I must create a system, or be enslaved by another man's.
---William Blake, Jerusalem
What's needed are new theories for handling these massive graphs, Feigenbaum says. Among the ingredients called for are "external memory" algorithms, whose complexity is measured in terms of the number of disk accesses, and "streaming" algorithms, which hang onto the database baby while tossing out the bath-water. Probabilistic models that simulate the typicality and evolution of telephone or Internet traffic are also needed; the current theory of random graphs, bifurcated as it is between complete amorphousness and rigid latticity, is inappropriate for the nebulously structured nature of telecommunications. Finally, there's the delicate question of providing researchers with real data they can use to test their theories and algorithms while protecting the privacy of the phone companies' customers. Cryptographic protocols may help.

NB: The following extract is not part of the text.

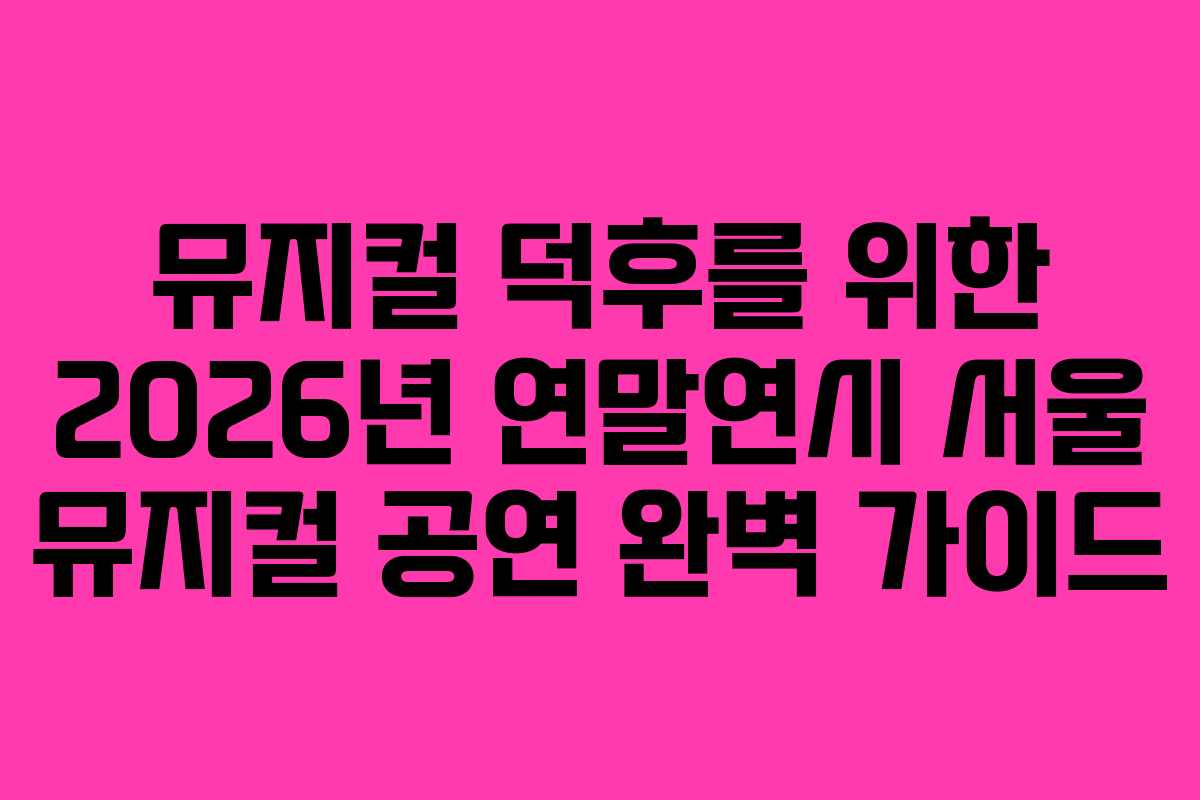 뮤지컬 덕후를 위한 2026년 연말연시 서울 뮤지컬 공연 완벽 가이드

The scope of the challenge has widened further with the arrival of the latest wrinkle in telecommunications: Internet traffic. In fact, Feigenbaum says, the massive graph metaphor may not be the right mathematical abstraction for the way Internet communications are conducted. It's a little like the segue from classical physics to quantum mechanics: Old-fashioned intuitions can be costly.

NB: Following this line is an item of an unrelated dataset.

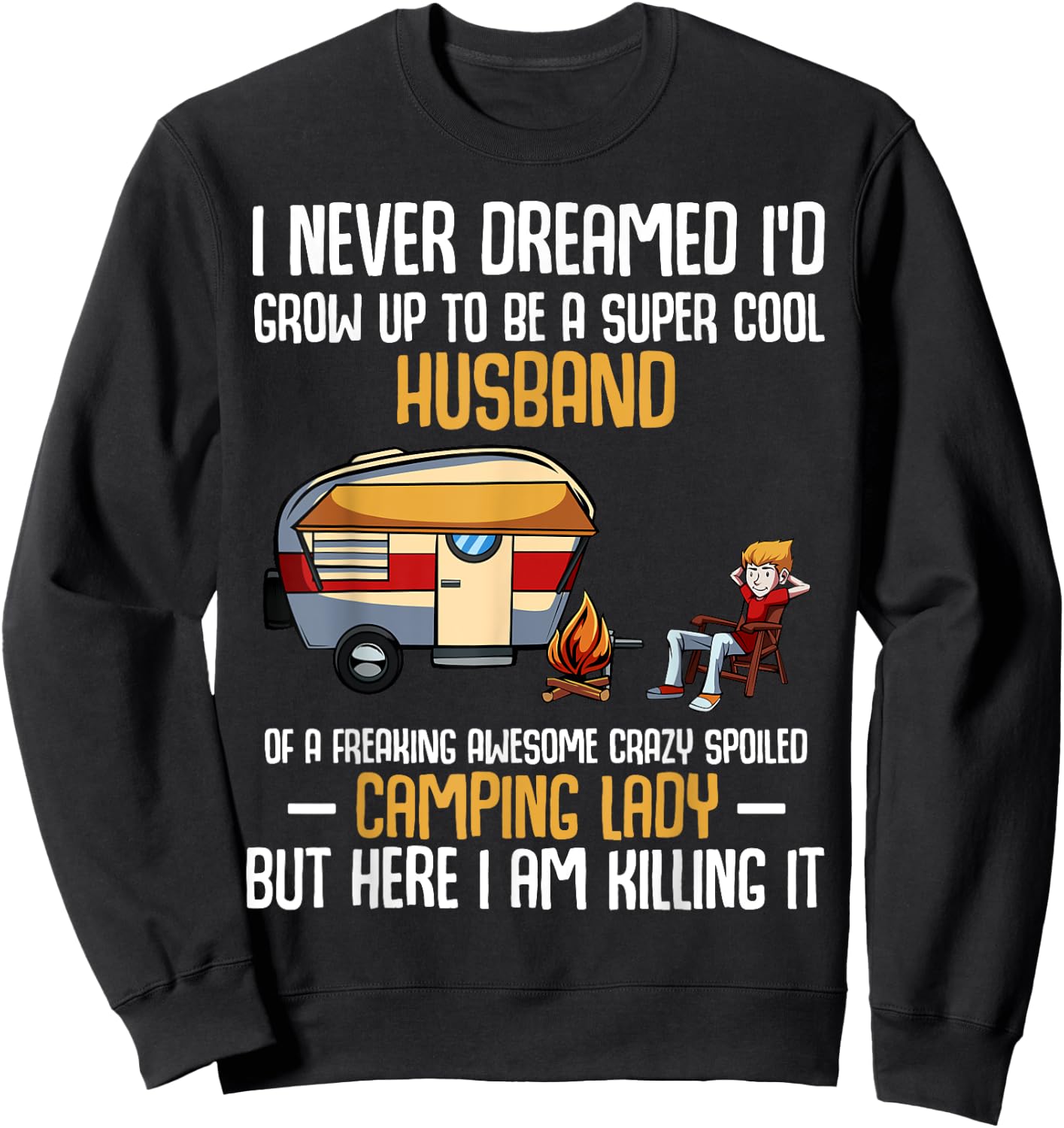 I Never Dreamed I'd Grow Up To Be A Super Cool Husband Funny Sweatshirt - Sweatshirt | Black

The packet-switching approach of Internet traffic is distinctly different from the dedicated-line paradigm of long-distance phone calls. In particular, no one keeps records of Internet traffic-mainly because there's no billing! Even if there were, an IP address is not the same thing as a phone number, Feigenbaum points out, so it's not clear what the nodes of an Internet graph would be. Finally, keeping track of Internet traffic would make the phone companies' current record-keeping tasks look puny by comparison: A single gateway router can generate more than 10 gigabytes of summary data per day.

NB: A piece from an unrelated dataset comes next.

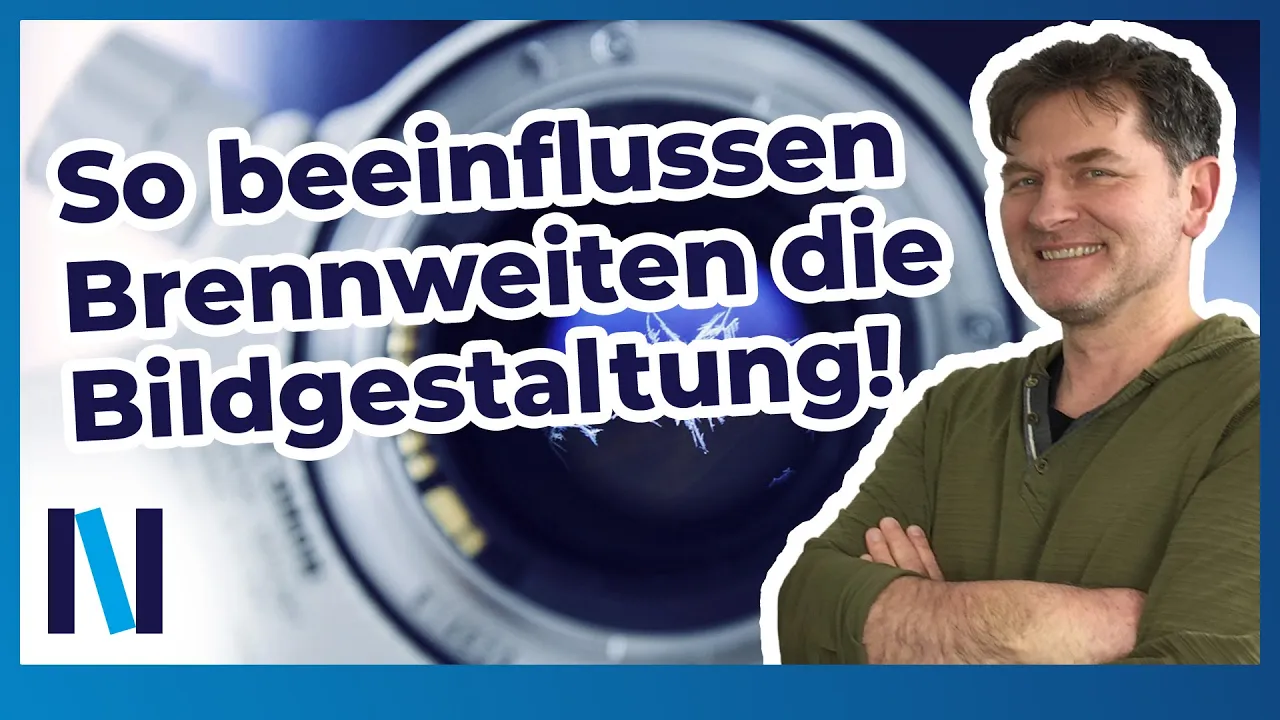 Die perfekte Bildgestaltung mit verschiedenen Brennweiten – so geht’s!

One niche where graph theory still holds water, as it were, is the hyperlinked landscape of the Web. The Web "digraph" currently has about half a billion nodes (i.e., pages), with approximately 20 million being added every month. The number of directed edges emerging from each node varies widely, but an average of 10 links per page is a good guess. One advantage for researchers is that raw data regarding the Web are, almost by definition, publicly available. The distinct drawback is that there's no single site where it's all stored; if you want to know how Web sites are interconnected, you've pretty much got to go surfing.
The coming years will likely witness a contest between advances in theory and algorithms and the continued growth of massive data sets. For an industry as fiercely competitive as telecommunications, that's only fitting.
Barry A. Cipra is a mathematician and writer based in Northfield, Minnesota.